Versejar ou escrever literariamente não requer estar mal ou bem. E ficar longe do mecânico pode ser desejável mas não é tão vital quanto pregam certos críticos que não resistem ao emprego de alguns clichês em suas arengas.
Houve uma época em que escrevi muito a respeito, me lembro bem agora. Vira e mexe anunciava ao mundo que versejar ou escrever literariamente exige antes de tudo honestidade.
Isso também é muito complicado. Assim como a necessidade de comunicação nos leva a apelar quase inconscientemente ao mecânico, as injunções da vida diária nos forçam a driblar a franqueza no duro embate com nossos inimigos. (Pois é, somos, quase todos, cercados de inimigos. Se reais ou imaginários, não vem ao caso. São inimigos all the same.)
É por isso que hoje digo, para ser poeta você precisa ter ouvido.
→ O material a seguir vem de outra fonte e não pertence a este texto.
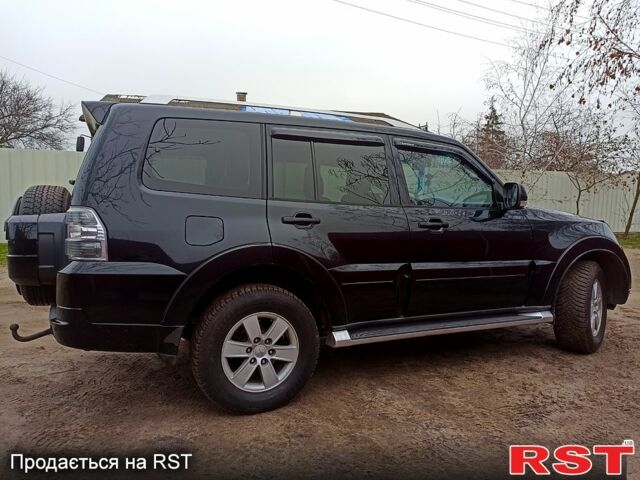 Серый Мицубиси Паджеро, объемом двигателя 1.1 л и пробегом 269 тыс. км за 10500 $, фото 1 на Automoto.ua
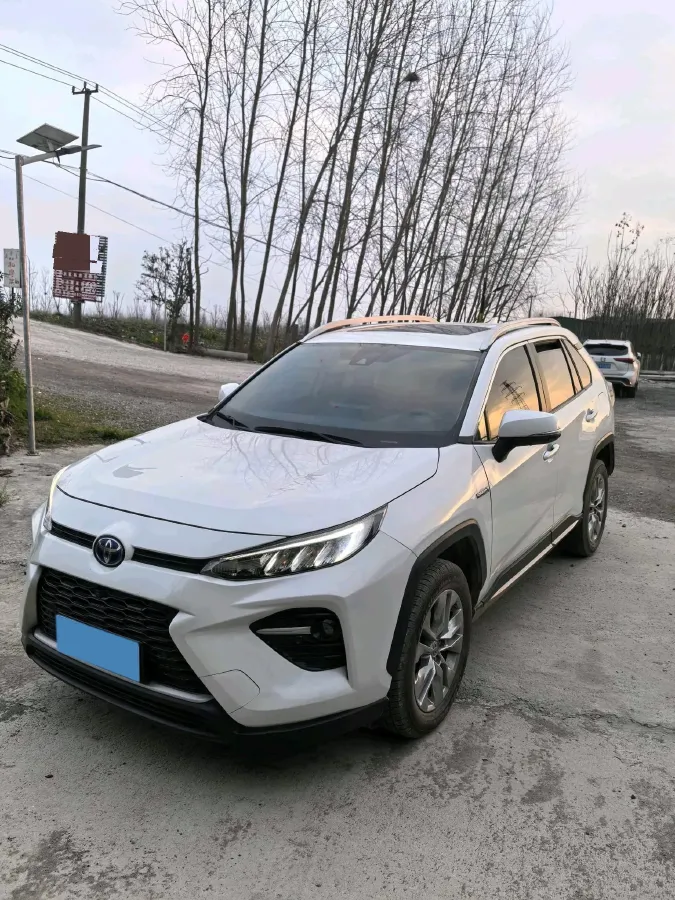 2022 Toyota Wildlander 2.5L 178HP L4 E-CVT Hybrid,autocango,china used car exporter,china ev exporter,chinese used car exporter,chinese used ev exporter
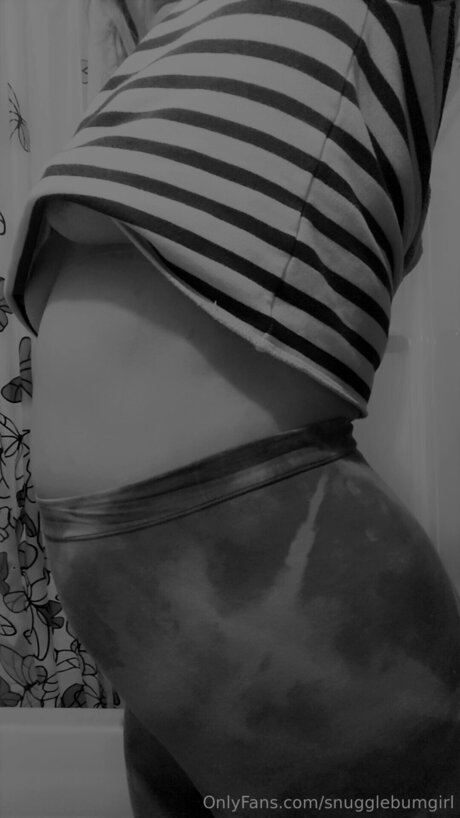 Snugglebumgirl top star photos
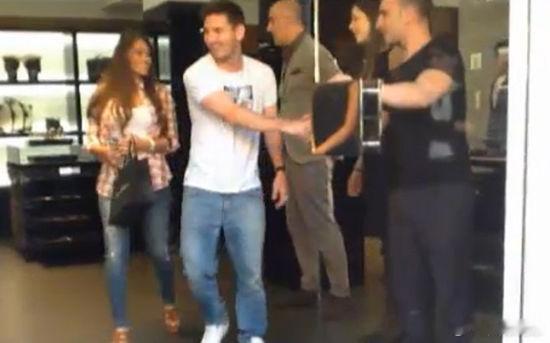 【梅西赛季50场60球6月复出】北京时间5月15日，梅西因为右腿肌肉问题将缺席本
Você precisa aprender a arfar pausadamente.
A escutar, acima do vozerio espalhafatoso, fogueteiro, dos eternos festeiros, as verdades que seu coração sopra em cochichos fantasticamente baixos. A saber como escutar o silêncio que, no dizer de Braque, é l'art d'exprimer l'invisible par le visible.
Não é tão complicado quanto parece. Basta sempre ter em mente que cada um de nós é especial e cada poeta, especialíssimo. Apesar do que advertem os psicanalistas.